The 87-year-old former prime minister cited this year’s “watershed” election as his inspiration, in which the
People’s Action party (PAP), which he helped create at independence from Great Britain in 1959, won its lowest
ratings yet with just 60% of the popular vote. A decade ago it won 75%.
Calling for “a fresh clean slate”, Lee noted that his age distanced him from younger voters and that a “younger
team of ministers [should] connect to and engage with this younger generation in shaping the future of
Singapore”.
Lee is largely credited with turning the small colonial outpost into the financial dynamo it is today.
While older generations revere the man for his hard-talking comments and no-nonsense policies, the younger
generation – most of whom cannot and do not care to remember Singapore as a hodge-podge community of
ramshackle neighbourhoods – has proven less impressed.
Critics, many of them voters in their 20s, largely used social media during this election to speak out against
Singapore’s high living costs, low wages and lax immigration laws that pit locals against foreigners, who
comprise about 40% of the island’s population, for jobs.
For them, Lee’s stepping down heralds a breath of fresh air and “is a pretty big deal”, says Nansi Panjar, 27, who
voted for the opposition Reform party in the 7 May election.
“This shows that the PAP is listening to its voters and that change could finally be in the air.”

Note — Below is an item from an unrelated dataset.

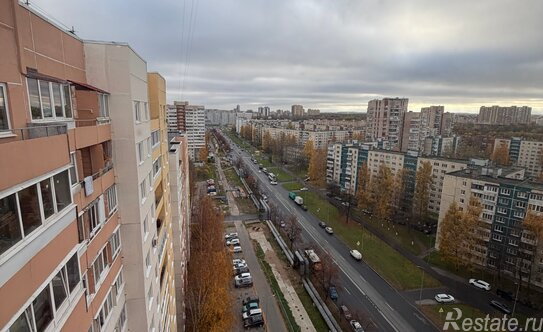 Продажа 3-комн квартиры на вторичном рынке улица Маршала Захарова,  д. 50 к1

Once the raison d’etre for the PAP, Lee has more recently alienated voters by urging Singaporean Muslims to “be
less strict” and hinting at the “consequences” of voting for the opposition. A much younger cabinet, with an
average age of 52, was unveiled on Wednesday.

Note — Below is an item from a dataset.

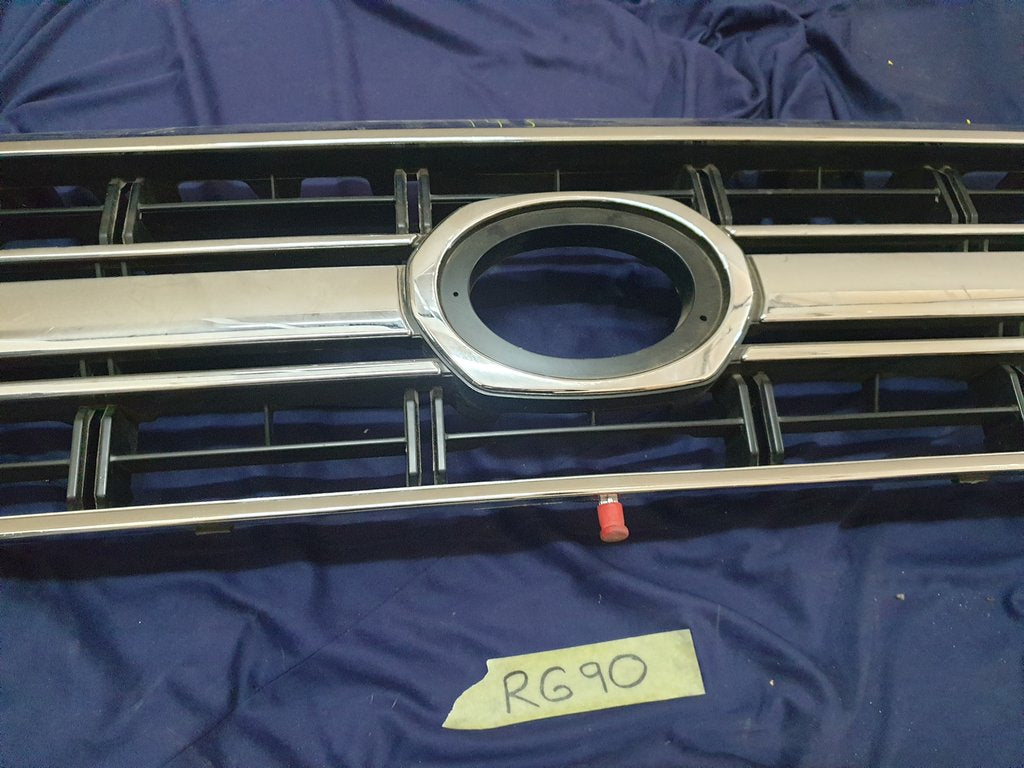 Toyota Aftermarket Land Cruiser Radiator Grille - Light Wear and Tear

Lee was Singapore’s first prime minister, leading the country from 1959 to 1990. He is the longest-serving prime
minister in the Commonwealth and the longest-serving head of government in Asia.
He has remained in the cabinet since stepping down as prime minister, first serving as senior minister from 1990
to 2004 and later, from 2004 to 2011, as minister mentor, a post made for him by his son, Lee Hsien Loong, the
current prime minister.
He has also stepped down as the chairman of the Government of Singapore Investment Corporation (GIC), which
he has ceded to his son.
He will stay on as senior adviser to the state investment firm, among the world’s largest sovereign wealth funds at
$300bn (£149bn). He will also remain MP of Tanjong Pagar ward, a constituency that he won uncontested in
this year’s election.
Just how far removed from politics he will really become, however, is anyone’s guess. In 1988 he was quoted as
saying: “Even from my sickbed, even if you are going to lower me into the grave and I feel that something is going
wrong, I will get up. Those who believe that after I have left the government as prime minister, I will go into a
permanent retirement, really should have their heads examined.”
Perhaps that is why many voters are saying that, while his stepping down is somewhat of a coup, the real change
is still to come.
“To be honest, we’ll only see true freedom when Lee dies,” said Panjar.
“That’s when Singapore will finally be able to take a long look at itself and question where it really wants to go.”